Florence Green, viúva de meia-idade vivendo em um vilarejo costeiro da Inglaterra, no fim dos anos 1950, abre uma livraria na construção mais antiga do lugar, uma descuidada casa anterior ao século 18. O que poderia ser uma boa notícia logo a coloca inadvertidamente como uma inesperada “inimiga do povo”, e ela descobre que tentar lidar com literatura numa comunidade de mente arraigadamente tacanha é uma batalha perdida de antemão.
Interpretada com delicadeza e segurança pela ótima atriz inglesa Emily Mortimer, Florence é a protagonista de A Livraria, filme da diretora espanhola Isabel Coixet que adapta para o cinema o romance de mesmo nome da escritora inglesa Penelope Fitzgerald, autora cinco vezes finalista do Booker Prize.

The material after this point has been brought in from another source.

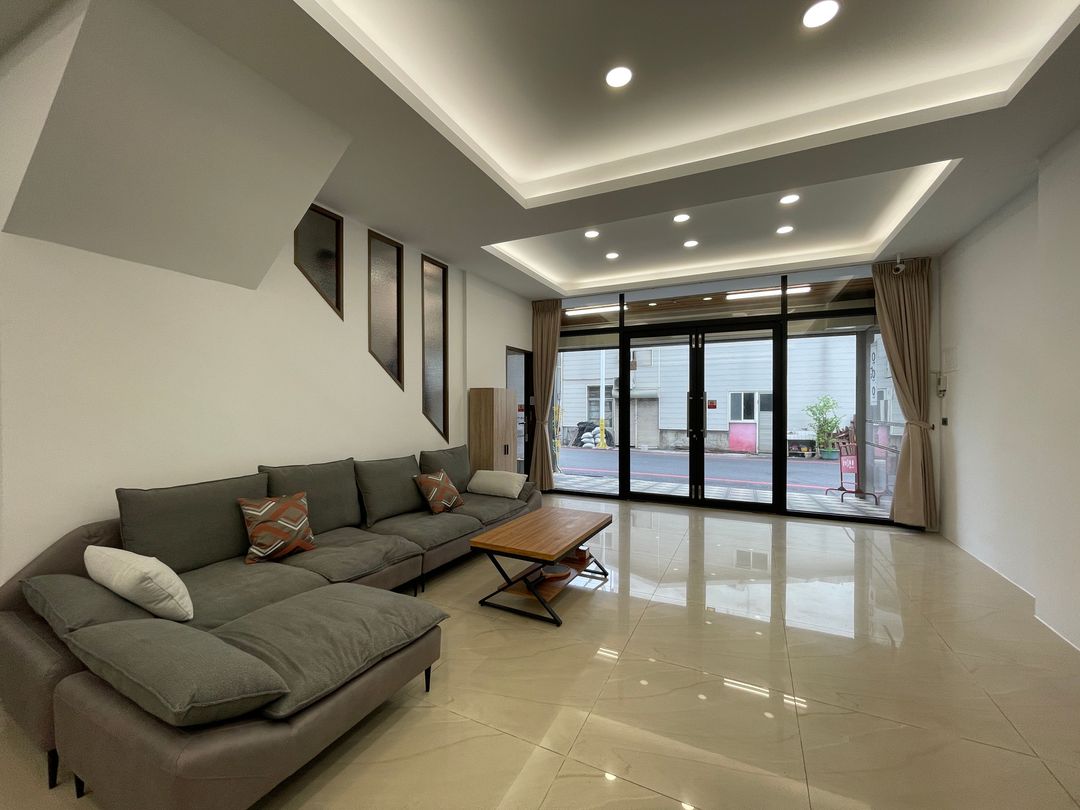 Cente B&B l SWITCH, electric mahjong table, private room for 6 people, downtown area, near Dongdamen Night Market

O fato de que Florence montou uma livraria na casa mais antiga da vila desperta a inimizade imediata (mas muito educada, como convém à sociedade inglesa) de uma deslumbrada dama da aristocracia local que se vê como grande patrona da cultura e gostaria que um centro de artes ocupasse o mesmo prédio. Como Florence já está lá e não apenas tem uma livraria como mora nela, a poderosa Violet Gamart (Patricia Clarkson, em seu terceiro filme com a diretora) põe em ação sua considerável influência para justapor obstáculos à iniciativa de Florence. Uma batalha na qual a livreira terá pouquíssimos aliados, como a menina Christine, sua funcionária na loja (Honor Kneafsey), e o recluso porém respeitado Edmund Brundish, que vive em uma mansão arruinada vizinha à livraria (um ótimo Bill Nighy, cujas cenas com Emily Mortimer são o melhor e mais comovente do filme).
Autora de produções delicadas e lacônicas como Confissões de um Apaixonado (1996), Minha Vida sem Mim (2003) e A Vida Secreta das Palavras (2005), Isabel Coixet patina ao adaptar o romance de Penelope Fitzgerald. Talvez pelo mesmo motivo que já a havia feito tropeçar no esquecível Fatal, adaptação sem dentes de O Animal Agonizante, de Philip Roth. Cada qual a seu modo, as duas obras sustentam-se menos na trama e mais na voz narrativa de seus autores, ambos capazes de construir em tom preciso e profundo histórias cuja visão de mundo, no fim das contas, é extremamente cínica e desencantada, talvez desencantada demais para Coixet, que filma em planos clássicos e com ritmo irregular.
O resultado é que A Livraria parece vacilar sobre que tom assumir entre o humor seco e o drama – algo que a prosa de Fitzgerald equilibrava naturalmente – e ampara-se em uma narração em off ocasional e ainda assim redundante. Algumas mudanças no final também parecem feitas para fugir do gosto amargo que a conclusão do original de Fitzgerald deixa em seus leitores – justamente aquilo que torna o romance mais forte.